Dataset records Block Start
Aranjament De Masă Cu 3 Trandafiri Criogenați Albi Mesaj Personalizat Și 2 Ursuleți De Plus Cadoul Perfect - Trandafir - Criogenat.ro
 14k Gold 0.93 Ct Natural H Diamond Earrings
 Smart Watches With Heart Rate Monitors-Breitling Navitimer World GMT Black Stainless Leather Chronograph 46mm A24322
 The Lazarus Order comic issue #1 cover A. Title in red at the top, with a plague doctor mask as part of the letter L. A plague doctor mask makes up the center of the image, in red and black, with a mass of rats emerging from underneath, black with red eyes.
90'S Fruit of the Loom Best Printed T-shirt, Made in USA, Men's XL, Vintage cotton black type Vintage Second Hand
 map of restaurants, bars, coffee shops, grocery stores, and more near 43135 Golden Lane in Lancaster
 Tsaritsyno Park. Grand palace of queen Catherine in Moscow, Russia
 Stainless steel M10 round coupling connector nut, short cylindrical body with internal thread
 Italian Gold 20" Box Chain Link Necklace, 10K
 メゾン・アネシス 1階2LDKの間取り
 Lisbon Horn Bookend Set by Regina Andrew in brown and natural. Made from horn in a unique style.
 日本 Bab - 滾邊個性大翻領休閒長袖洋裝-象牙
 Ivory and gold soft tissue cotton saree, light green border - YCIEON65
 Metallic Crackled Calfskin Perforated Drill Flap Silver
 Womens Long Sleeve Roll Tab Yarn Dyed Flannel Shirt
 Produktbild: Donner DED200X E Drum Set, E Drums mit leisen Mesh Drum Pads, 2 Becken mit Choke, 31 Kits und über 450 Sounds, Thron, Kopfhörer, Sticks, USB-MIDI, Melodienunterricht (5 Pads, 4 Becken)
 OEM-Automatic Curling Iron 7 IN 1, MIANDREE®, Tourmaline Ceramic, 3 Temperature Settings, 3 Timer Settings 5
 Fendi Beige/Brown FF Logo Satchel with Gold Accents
Dataset records Block End
» **What you are asked to do**: Write out each entry above exactly as it is written.

» **Solution**:
Aranjament De Masă Cu 3 Trandafiri Criogenați Albi Mesaj Personalizat Și 2 Ursuleți De Plus Cadoul Perfect - Trandafir - Criogenat.ro
 14k Gold 0.93 Ct Natural H Diamond Earrings
 Smart Watches With Heart Rate Monitors-Breitling Navitimer World GMT Black Stainless Leather Chronograph 46mm A24322
 The Lazarus Order comic issue #1 cover A. Title in red at the top, with a plague doctor mask as part of the letter L. A plague doctor mask makes up the center of the image, in red and black, with a mass of rats emerging from underneath, black with red eyes.
90'S Fruit of the Loom Best Printed T-shirt, Made in USA, Men's XL, Vintage cotton black type Vintage Second Hand
 map of restaurants, bars, coffee shops, grocery stores, and more near 43135 Golden Lane in Lancaster
 Tsaritsyno Park. Grand palace of queen Catherine in Moscow, Russia
 Stainless steel M10 round coupling connector nut, short cylindrical body with internal thread
 Italian Gold 20" Box Chain Link Necklace, 10K
 メゾン・アネシス 1階2LDKの間取り
 Lisbon Horn Bookend Set by Regina Andrew in brown and natural. Made from horn in a unique style.
 日本 Bab - 滾邊個性大翻領休閒長袖洋裝-象牙
 Ivory and gold soft tissue cotton saree, light green border - YCIEON65
 Metallic Crackled Calfskin Perforated Drill Flap Silver
 Womens Long Sleeve Roll Tab Yarn Dyed Flannel Shirt
 Produktbild: Donner DED200X E Drum Set, E Drums mit leisen Mesh Drum Pads, 2 Becken mit Choke, 31 Kits und über 450 Sounds, Thron, Kopfhörer, Sticks, USB-MIDI, Melodienunterricht (5 Pads, 4 Becken)
 OEM-Automatic Curling Iron 7 IN 1, MIANDREE®, Tourmaline Ceramic, 3 Temperature Settings, 3 Timer Settings 5
 Fendi Beige/Brown FF Logo Satchel with Gold Accents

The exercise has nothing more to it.